Mr Serhal said: ‘It is the same principle as screening of pregnancies at 12 weeks for conditions such as Down’s Syndrome. Patients feel much more comfortable with the concept of discarding an affected cluster of cells rather than termination of a well-established pregnancy.
‘We only look at families with a strong history of the disease, people who have lost loved ones to cancer. We are looking to prevent someone developing a killer disease, not trivial abnormalities. Choosing an embryo for cosmetic reasons is something that will never be offered in the UK.’
He said that if the couple had produced any other healthy embryos which were free of the cancer gene, they could have been frozen for future implantation.
The technique, known as preimplantation genetic diagnosis (PGD), has already been used in the UK to free babies of inherited disorders such as cystic fibrosis and Huntington’s disease. But breast cancer is different because it does not inevitably affect a child from birth, and might or might not develop later in life. There is also a chance it can be cured, if caught early enough.
Cancer charities offered a cautious welcome to the breakthrough. Some fear that couples with a family history of cancer might feel morally compelled to go down the IVF route.
Dr Sarah Cant, policy manager at Breakthrough Breast Cancer, said: ‘It is a complex and very personal issue.

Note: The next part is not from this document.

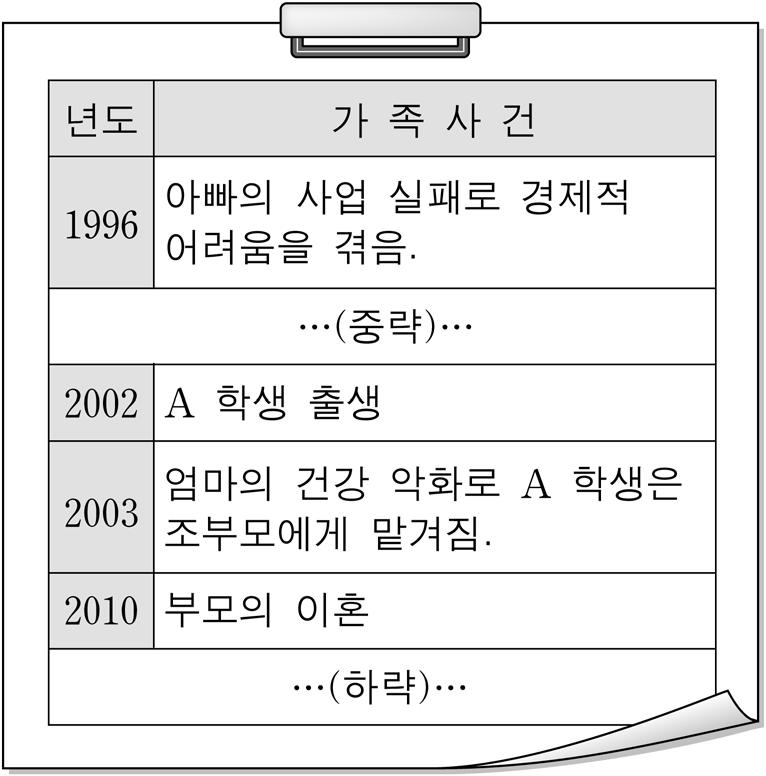 2015 학년도중등학교교사임용후보자선정경쟁시험 보 건 수험번호 : ( ) 성명 : ( ) 제 1 차시험 2 교시전공 A 14 문항 40 점시험시간 90 분 문제지전체면수가맞는지확인하시오 모든문항에는배점이표시되어있습니다 2 보건교사는우울증상을보이는 A 학생의가정을방문하여다음과같이가족사정을하였다 보건교사가작성한ᄀ, ᄂ에해당하는가족사정도구의명칭을순서대로쓰시오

Women with a family history of breast cancer tell us that what might be right for one person may not be right for another.’

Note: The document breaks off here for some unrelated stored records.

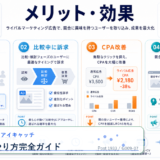 競合分析のやり方完全ガイド アイキャッチ 記事専用Image 2.0図解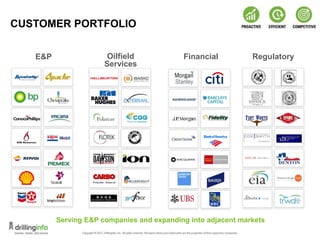 CUSTOMER PORTFOLIO
E&P RegulatoryFinancial
Serving E&P companies and expanding into adjacent markets
Oilfield
Services
 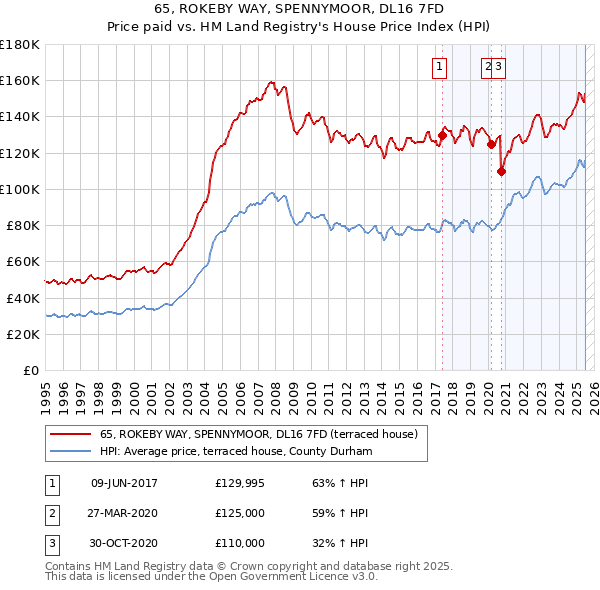 65, ROKEBY WAY, SPENNYMOOR, DL16 7FD: Price paid vs HM Land Registry's House Price Index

Dr Lesley Walker, of Cancer Research UK, said: ‘This is an exciting step forward in preventing inherited breast cancer but very few people have sufficiently high-risk genes to warrant this sort of intervention.’
Faulty genes are responsible for between five and 10 per cent of the 44,000 cases of breast cancer in the UK each year. BRCA1 and its sister gene BRCA2 are the two most commonly involved. Women with a defective BRCA1 or BRCA2 gene are up to seven times more likely to develop breast cancer than those without the mutations.
Stuart Lavery, joint head of the IVF unit at Hammersmith Hospital in West London and spokesman for the British Fertility Society, said doctors in the U.S. had for some years been selecting out embryos carrying the BRCA1 gene.
‘It will become more routine but not necessarily more widespread-because it will be most heavily used by a small group.
‘PGD will not open the floodgates to general embryo screening. It does not involve genetic engineering – this is not a designer baby.’
Mr Lavery said too many couples faced a desperate quest to avoid giving birth to children condemned to illness.
At his own clinic, the first 16 couples applying for PGD had between them 25 terminations of babies diagnosed in the womb with conditions such as adrenal leukodystrophy, a progressive genetic disorder which can be fatal at a young age.
Of the seven children who were born, four had already died and three women were so traumatised they had themselves sterilised before the age of 30.